Professor Charlie Veron is the angry, outspoken former chief scientist of Australia’s Institute of Marine Science. He has spent much of this century warning of the cataclysm awaiting the world’s reefs if nothing is done to limit rising ocean temperatures.
This year, his apocalyptic warnings have been realised, with huge sections of the 2,300km long Great Barrier Reef hit by its worst ever bleaching event: with 22% of corals dead according to the government.
“When I see so much damage, all in the space of a few months, it really is heart-breaking,” Veron says. “It’s just terrible. Horrific.”
Speaking with BuzzFeed News in his lush, bird-filled tropical garden outside Townsville, this softly spoken veteran of more than 6000 hours of underwater research is close to tears.
“I predicted this bleaching 10 years ago at the Royal Society in London,” he says.
“At an emergency session, chaired by Sir David Attenborough, I predicted 400 parts per million (ppm) of carbon dioxide in the atmosphere by now.”
“Some people poo-pooed that, but today we’re at 402 parts”.
According to scientists, we have now passed a point of no return. On June 13, the UK’s Met Office reported that CO2 concentrations won’t go below 400 ppm again “within our lifetimes”. With so much carbon in the atmosphere, ocean temperatures are predicted to warm, rapidly.

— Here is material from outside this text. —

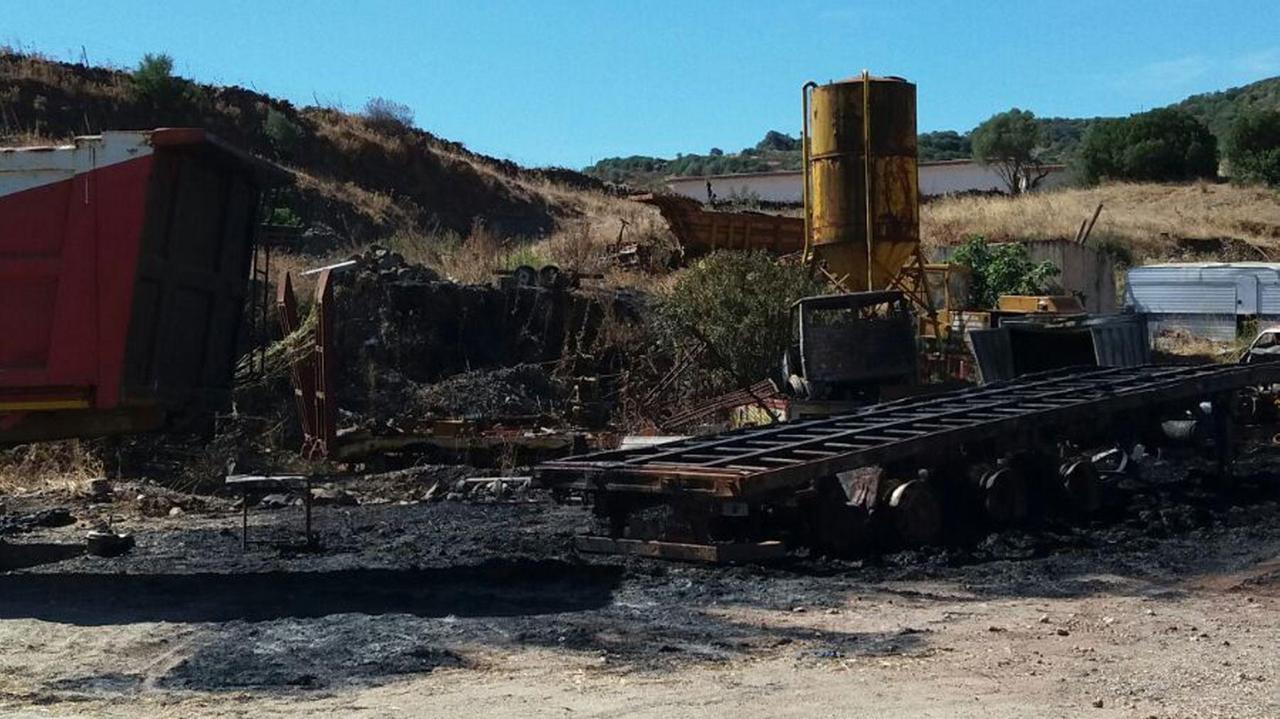 Escalaplano, incendio doloso distrugge camion e il carico di fieno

“We’re committed to bleaching now,” says Veron. “We’ve created conditions that we’ll see the effects of in 20 to 25 years time. The present bleaching is a response to the amount of CO2 we had in the atmosphere in the 1990s. We’ve got a lot more carbon dioxide in the atmosphere today. The oceans take a long time to warm. But respond they will. Each year the ocean will be a little warmer than it was the previous year.” And as the oceans warm, mass bleaching events become more common.

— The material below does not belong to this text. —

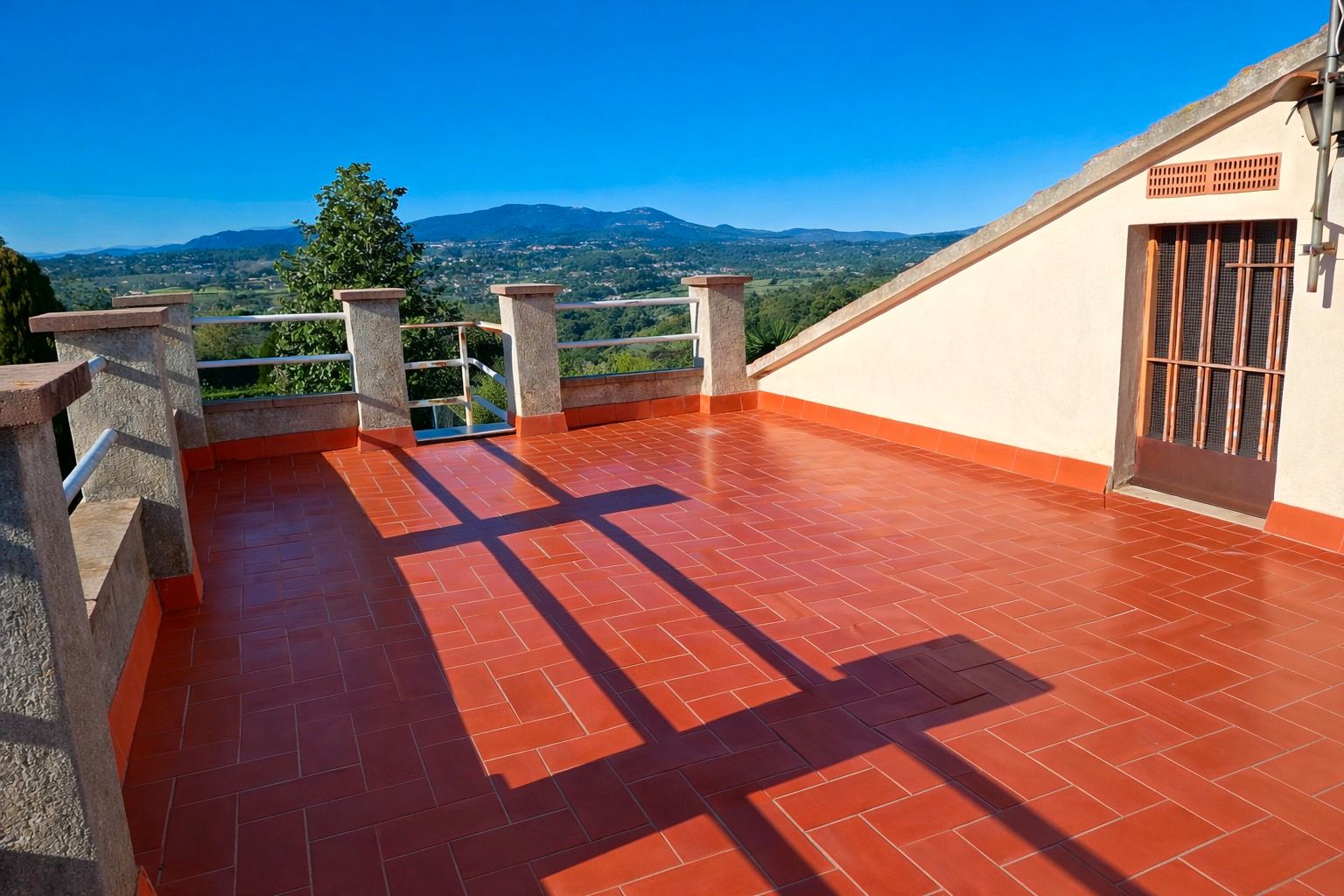 Terrassa de Casa o xalet en venda en Santa Eulàlia de Ronçana amb Jardí privat, Terrassa i Piscina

“I was at Lizard Island when [the bleaching] started,” recalls James Cook University’s Jodie Rummer, sitting in her laboratory at the ARC Centre of Excellence for Coral Reef Studies.
“We watched it happen before our eyes. Every two days or so you could see corals getting whiter and whiter, the tissue was dying, then anemones started bleaching, the soft corals started bleaching, the giant corals started bleaching. It hadn’t even dawned on me that other organisms would suffer: some of those giant clams are 100 years old.”
The conditions Rummer had been simulating in the lab to study the effect of rising ocean temperatures on the reef were happening in real time, right in front of her. “Lizard Island is my favourite place on the planet,” she says.
“I didn’t expect to watch it happen in front of my eyes. It was confronting to see this devastation, devastation that we hadn’t expected to see for decades.”
“This is unequivocally the worst bleaching event to ever affect the Great Barrier Reef,” says Rummer’s colleague Morgan Pratchett, a chief investigator at JCU’s Coral Reef Studies centre. “This is in the order two to three times worse than previous events. In terms of mortality there’s a line north of Port Douglas, of the reefs we visited we estimate 50% of corals will die on affected reefs.”
As news of the massive bleaching event rippled around the globe, the perilous state of Australia’s global icon – “bleaching visible from space!” – made front page news in the New York Times, London Times and Times of India.
In May, fearful of the negative impact of bad press on the $5.4b reef tourism industry, the Australian government intervened in a draft Unesco report on climate change and world heritage sites to make sure all references to Australia were scrubbed out.
But if bad news is driving people away now, what future is there for tourism in the region? The Great Barrier Reef supports an estimated 70,000 tourism jobs in Queensland alone. What happens to the economies of Airlie Beach, Townsville and Cairns if there is no reef to see?
A June survey from The Australia Institute revealed that the relentless negative news is likely to see fewer overseas visitors travel to Queensland to see the reef: “Based on surveys of Chinese, UK, American and domestic tourists, results show that tourism areas adjacent to the Great Barrier Reef risk losing over 1 million visitors per year, worth over $1 billion in tourism expenditure.”
Australia’s governing Coalition and opposition Labor party have made large reef protection promises ahead of the July 2’s federal election. Prime minister Malcolm Turnbull pledged $1 billion over 10 years to fix water quality on the reef; money comes from the Clean Energy Finance Corporation, which the Coalition government has previously tried to abolish. Labor is promising $500m over five years, which includes $377 in new funding.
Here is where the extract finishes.